__ACTIVITY__. Print nothing but the lines below starting at the line that holds "american alligator basking , close up" and ending at the line that holds "The roots of", including both, each exactly as written.

__Short descriptive text snippets__.
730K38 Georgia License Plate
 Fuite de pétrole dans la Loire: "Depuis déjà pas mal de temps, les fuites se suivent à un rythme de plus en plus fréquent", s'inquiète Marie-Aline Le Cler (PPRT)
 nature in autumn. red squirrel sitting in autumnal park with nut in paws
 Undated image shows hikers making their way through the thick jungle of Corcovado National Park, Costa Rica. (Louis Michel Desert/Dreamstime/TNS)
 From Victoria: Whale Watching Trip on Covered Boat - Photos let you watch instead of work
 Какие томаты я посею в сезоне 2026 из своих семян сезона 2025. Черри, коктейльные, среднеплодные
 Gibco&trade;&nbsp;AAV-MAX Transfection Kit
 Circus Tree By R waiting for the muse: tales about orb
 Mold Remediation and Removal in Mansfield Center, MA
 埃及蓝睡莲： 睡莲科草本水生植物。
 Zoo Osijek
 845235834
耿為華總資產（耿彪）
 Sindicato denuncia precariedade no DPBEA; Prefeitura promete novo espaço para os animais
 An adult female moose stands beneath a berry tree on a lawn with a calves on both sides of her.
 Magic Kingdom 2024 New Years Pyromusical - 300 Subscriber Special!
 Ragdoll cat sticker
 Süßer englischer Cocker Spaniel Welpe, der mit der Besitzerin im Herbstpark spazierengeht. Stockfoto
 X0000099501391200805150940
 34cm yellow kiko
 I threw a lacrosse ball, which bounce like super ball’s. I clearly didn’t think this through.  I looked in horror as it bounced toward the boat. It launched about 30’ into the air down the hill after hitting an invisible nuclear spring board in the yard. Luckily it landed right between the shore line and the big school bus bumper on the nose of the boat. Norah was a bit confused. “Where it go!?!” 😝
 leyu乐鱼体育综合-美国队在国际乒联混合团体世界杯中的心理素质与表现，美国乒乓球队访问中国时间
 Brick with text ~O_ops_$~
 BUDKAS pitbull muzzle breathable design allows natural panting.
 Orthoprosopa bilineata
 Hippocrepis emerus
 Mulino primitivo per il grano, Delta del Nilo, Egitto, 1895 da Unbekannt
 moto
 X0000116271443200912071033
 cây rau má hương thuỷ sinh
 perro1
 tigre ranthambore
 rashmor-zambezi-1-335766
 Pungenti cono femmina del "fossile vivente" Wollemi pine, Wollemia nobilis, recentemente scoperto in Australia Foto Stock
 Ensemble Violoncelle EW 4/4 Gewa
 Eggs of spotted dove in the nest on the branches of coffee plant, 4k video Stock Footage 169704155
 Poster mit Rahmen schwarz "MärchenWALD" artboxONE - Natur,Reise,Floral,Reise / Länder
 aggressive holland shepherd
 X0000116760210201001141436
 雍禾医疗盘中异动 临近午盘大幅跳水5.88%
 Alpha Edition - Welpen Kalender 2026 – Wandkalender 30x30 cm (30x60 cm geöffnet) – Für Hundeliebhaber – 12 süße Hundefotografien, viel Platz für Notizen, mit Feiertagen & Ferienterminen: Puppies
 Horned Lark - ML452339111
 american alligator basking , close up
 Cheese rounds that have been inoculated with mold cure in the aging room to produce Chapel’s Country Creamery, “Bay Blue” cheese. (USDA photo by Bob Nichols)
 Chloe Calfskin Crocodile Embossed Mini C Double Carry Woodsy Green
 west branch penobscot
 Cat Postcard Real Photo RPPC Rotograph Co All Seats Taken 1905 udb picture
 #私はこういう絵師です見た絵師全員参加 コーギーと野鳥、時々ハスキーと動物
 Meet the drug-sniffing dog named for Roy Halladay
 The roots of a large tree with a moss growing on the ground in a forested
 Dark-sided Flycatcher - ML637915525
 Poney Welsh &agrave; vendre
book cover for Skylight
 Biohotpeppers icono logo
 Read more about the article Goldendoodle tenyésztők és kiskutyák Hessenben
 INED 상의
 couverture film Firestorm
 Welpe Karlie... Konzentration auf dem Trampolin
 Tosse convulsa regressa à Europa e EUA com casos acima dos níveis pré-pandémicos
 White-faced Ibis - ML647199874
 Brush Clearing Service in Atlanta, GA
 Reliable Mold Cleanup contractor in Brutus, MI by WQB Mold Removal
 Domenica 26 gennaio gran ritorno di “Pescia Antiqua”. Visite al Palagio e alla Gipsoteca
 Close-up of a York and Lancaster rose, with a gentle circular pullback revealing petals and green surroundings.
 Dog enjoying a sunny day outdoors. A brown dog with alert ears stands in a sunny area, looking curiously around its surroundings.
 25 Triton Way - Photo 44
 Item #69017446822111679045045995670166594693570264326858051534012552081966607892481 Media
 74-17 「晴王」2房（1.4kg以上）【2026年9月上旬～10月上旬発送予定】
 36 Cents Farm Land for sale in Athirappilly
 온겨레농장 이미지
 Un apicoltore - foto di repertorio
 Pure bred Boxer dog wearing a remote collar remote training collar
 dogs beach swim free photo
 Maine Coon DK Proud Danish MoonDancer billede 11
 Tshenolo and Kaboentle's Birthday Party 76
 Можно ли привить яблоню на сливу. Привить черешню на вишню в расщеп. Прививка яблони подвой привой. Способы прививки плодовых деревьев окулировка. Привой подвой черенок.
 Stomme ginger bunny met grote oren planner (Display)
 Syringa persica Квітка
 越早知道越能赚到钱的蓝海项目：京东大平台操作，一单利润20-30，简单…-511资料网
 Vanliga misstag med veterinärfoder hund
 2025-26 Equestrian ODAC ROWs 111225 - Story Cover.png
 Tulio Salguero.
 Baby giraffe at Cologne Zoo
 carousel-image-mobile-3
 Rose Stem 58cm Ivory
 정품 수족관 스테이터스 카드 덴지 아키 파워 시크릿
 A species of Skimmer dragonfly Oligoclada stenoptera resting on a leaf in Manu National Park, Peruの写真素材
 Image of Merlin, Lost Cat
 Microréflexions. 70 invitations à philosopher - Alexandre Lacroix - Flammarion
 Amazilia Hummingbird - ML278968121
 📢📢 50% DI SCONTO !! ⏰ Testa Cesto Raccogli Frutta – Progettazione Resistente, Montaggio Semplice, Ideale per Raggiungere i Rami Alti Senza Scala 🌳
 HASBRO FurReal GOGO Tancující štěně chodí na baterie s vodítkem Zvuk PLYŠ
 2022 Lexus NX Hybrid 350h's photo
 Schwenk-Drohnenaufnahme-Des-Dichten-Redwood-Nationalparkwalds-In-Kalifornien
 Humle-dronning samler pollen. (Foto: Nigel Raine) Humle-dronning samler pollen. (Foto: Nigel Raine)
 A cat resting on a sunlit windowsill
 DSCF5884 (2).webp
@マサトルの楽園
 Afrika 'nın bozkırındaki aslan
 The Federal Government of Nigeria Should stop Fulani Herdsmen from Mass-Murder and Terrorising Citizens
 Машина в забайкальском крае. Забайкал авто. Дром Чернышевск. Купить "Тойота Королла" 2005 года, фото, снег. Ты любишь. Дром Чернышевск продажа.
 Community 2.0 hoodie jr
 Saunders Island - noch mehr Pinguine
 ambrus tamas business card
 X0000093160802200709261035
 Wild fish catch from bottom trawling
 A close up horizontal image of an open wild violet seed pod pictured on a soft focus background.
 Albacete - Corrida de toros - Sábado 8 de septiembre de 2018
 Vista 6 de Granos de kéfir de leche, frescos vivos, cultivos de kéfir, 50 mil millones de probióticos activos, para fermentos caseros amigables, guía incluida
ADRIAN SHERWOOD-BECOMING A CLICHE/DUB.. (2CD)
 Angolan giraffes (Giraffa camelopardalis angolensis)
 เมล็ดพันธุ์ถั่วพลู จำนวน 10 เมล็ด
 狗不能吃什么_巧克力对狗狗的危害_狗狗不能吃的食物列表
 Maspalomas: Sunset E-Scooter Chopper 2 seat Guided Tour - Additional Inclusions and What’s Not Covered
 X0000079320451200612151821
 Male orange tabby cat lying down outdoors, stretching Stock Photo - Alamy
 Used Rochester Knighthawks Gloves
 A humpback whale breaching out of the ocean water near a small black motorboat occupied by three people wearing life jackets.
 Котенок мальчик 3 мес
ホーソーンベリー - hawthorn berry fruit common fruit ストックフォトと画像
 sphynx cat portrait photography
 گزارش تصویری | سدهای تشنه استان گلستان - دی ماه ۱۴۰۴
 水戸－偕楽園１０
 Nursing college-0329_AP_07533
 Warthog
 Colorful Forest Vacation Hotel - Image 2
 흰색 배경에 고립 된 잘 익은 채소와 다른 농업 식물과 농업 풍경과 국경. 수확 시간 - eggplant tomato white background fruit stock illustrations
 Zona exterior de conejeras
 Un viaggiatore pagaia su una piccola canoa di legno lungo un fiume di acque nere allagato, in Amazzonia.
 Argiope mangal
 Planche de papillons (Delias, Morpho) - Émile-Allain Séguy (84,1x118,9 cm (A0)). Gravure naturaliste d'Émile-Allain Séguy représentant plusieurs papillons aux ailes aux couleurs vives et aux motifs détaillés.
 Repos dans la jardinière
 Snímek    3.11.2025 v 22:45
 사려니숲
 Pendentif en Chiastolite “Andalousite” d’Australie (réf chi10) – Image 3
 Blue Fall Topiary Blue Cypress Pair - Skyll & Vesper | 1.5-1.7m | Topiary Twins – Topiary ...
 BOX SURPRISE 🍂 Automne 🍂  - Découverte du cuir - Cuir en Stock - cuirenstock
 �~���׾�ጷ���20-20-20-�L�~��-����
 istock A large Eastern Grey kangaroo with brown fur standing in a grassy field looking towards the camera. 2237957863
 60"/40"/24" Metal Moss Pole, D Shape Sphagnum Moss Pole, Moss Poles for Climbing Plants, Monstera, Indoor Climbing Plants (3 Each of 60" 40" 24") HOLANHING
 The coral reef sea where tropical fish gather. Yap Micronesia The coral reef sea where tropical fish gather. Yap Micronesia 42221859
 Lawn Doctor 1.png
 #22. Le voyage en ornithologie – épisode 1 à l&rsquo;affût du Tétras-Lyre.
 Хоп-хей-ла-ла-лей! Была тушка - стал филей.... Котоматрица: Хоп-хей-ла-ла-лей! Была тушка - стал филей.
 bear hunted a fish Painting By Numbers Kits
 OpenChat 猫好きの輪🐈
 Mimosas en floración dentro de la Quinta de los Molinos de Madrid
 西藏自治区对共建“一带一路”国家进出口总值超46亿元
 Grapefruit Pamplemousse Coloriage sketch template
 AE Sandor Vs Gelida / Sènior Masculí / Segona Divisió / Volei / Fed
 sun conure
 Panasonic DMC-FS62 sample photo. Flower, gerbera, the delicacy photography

__ANSWER TO THIS EXERCISE__.
 american alligator basking , close up
 Cheese rounds that have been inoculated with mold cure in the aging room to produce Chapel’s Country Creamery, “Bay Blue” cheese. (USDA photo by Bob Nichols)
 Chloe Calfskin Crocodile Embossed Mini C Double Carry Woodsy Green
 west branch penobscot
 Cat Postcard Real Photo RPPC Rotograph Co All Seats Taken 1905 udb picture
 #私はこういう絵師です見た絵師全員参加 コーギーと野鳥、時々ハスキーと動物
 Meet the drug-sniffing dog named for Roy Halladay
 The roots of a large tree with a moss growing on the ground in a forested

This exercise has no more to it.